Neil Cavuto: American's facing steep price hikes on everything from gasoline to Glad bags thanks to Rita and Katrina. Have we been blown all the way back to the hyperinflation of the 1970s?

Jim Rogers: I and everyone watching the show knows that prices are up. And the government is lying to us. Prices are going through the roof.

Ben Stein: There's never been a case of a storm causing massive inflation. We do have commodities driven inflation though.

Charles Payne: I cannot believe that a Fed governor would come out with such an outrageous statement. It's night and day between where we are now and where we were in the 1970s. It was the most irresponsible statement to make. In the 1970s, we had an average of 10 percent inflation every year. We had a real oil crisis back then and we had wages going through the roof. Of course prices are going up but we are so far from 1970s. Here we have the Texas Fed governor turning the stock market into the Alamo.

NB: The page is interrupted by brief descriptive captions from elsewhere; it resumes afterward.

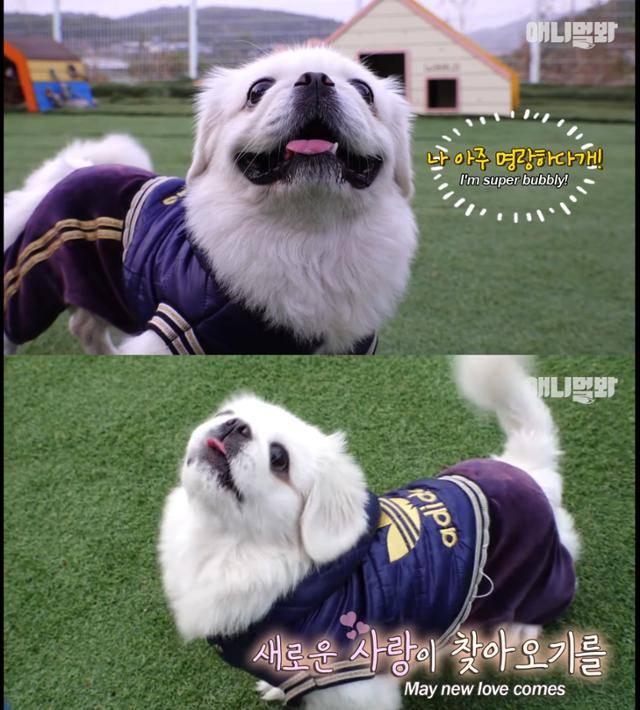 단 하루만이라도 내가 너보다 더 살았으면 하는 마음. 애니멀봐 유튜브 캡처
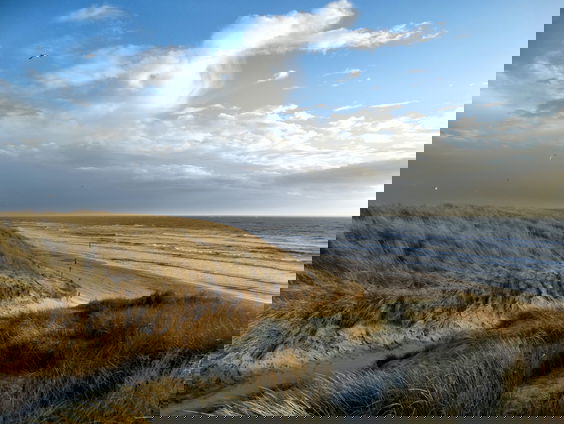 Plastic vervuiling in Nederlandse wateren blootgelegd door klokkenluider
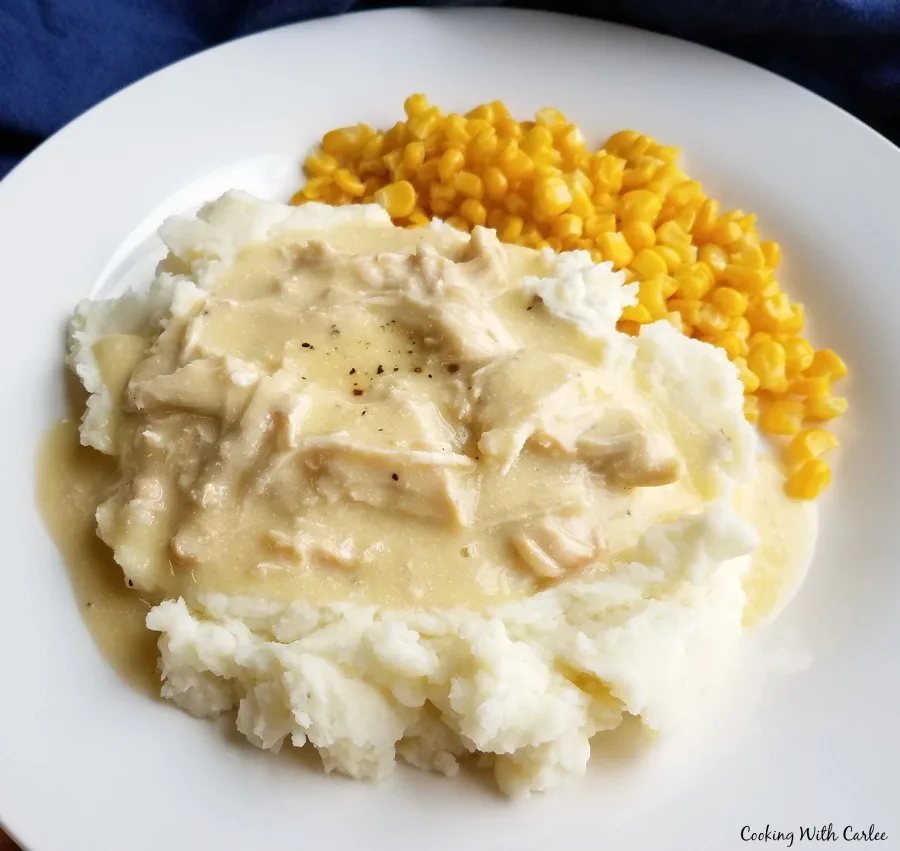 Creamy2BChicken2Band2BGravy2BServed2Bwith2BPotatoes2Bclose 2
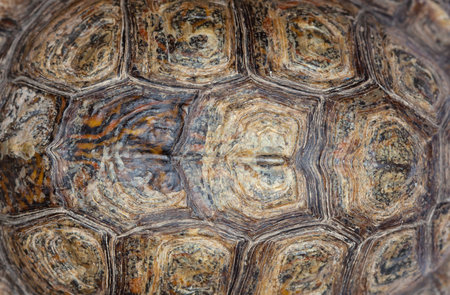 Beautiful bright tortoise shell closeup. Breeding turtles at home.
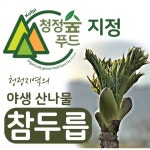 자연산 두릅 참두릅 첫순 산두릅 국내산 산나물 청정숲푸드 직영 500g : 김약사네 산약초팜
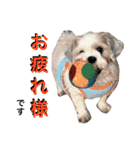 My Dogs (Japanese Version)（個別スタンプ：3）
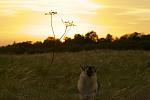 at home on the farm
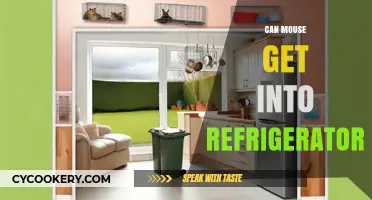 Can Mice Invade Your Fridge? Prevention Tips and Facts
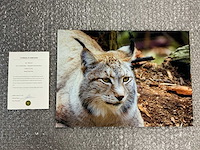 Photograph “wild lynx”
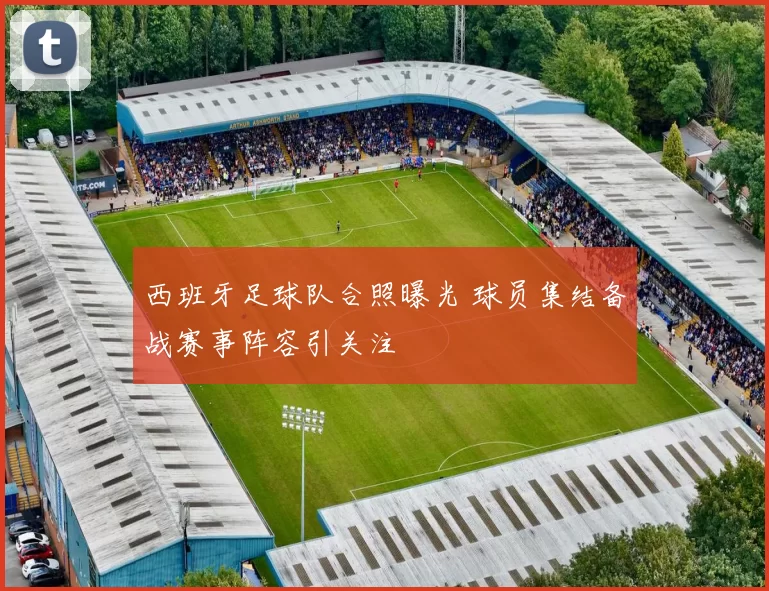 西班牙足球队合照曝光 球员集结备战赛事阵容引关注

Gregg Hymowitz: I'm a big believer in global deflation. Can Katrina and other disasters cause temporary inflation scare? Sure, of course. The markets are volatile. I think globalization and deflation will be the bigger issues going forward.

Jim Rogers: But in the meantime prices of commodities have tripled in the last seven years.

Gregg Hymowitz: The prices of some commodities are actually coming down now.

Jim Rogers: Copper is at an all time high. Oil is at an all time high.

Meredith Whitney: Today, the American consumer spends about 3 percent of his wallet on gasoline versus 20 percent in the '70s. You have really large job creation where before you basically had no job creation.

Neil Cavuto: Well, you didn't have great job creation last month.

Meredith Whitney: On a relative basis you can say that job creation has been very strong.

Herman Cain: You can't just look at it on a one-month time frame. Let's talk about what we need to do so that inflation doesn't get out of hand. Yes it's creeping up but it's under control. Here's what we need to do: keep taxes low and Congress has got to stop spending like a broken water main.

Jim Rogers: You're right but it's going to take more than that to stop inflation.

More for Your Money

Neil Cavuto: Stocks that rise along with inflation... will they help you get More For Your Money? Herman, what do you like?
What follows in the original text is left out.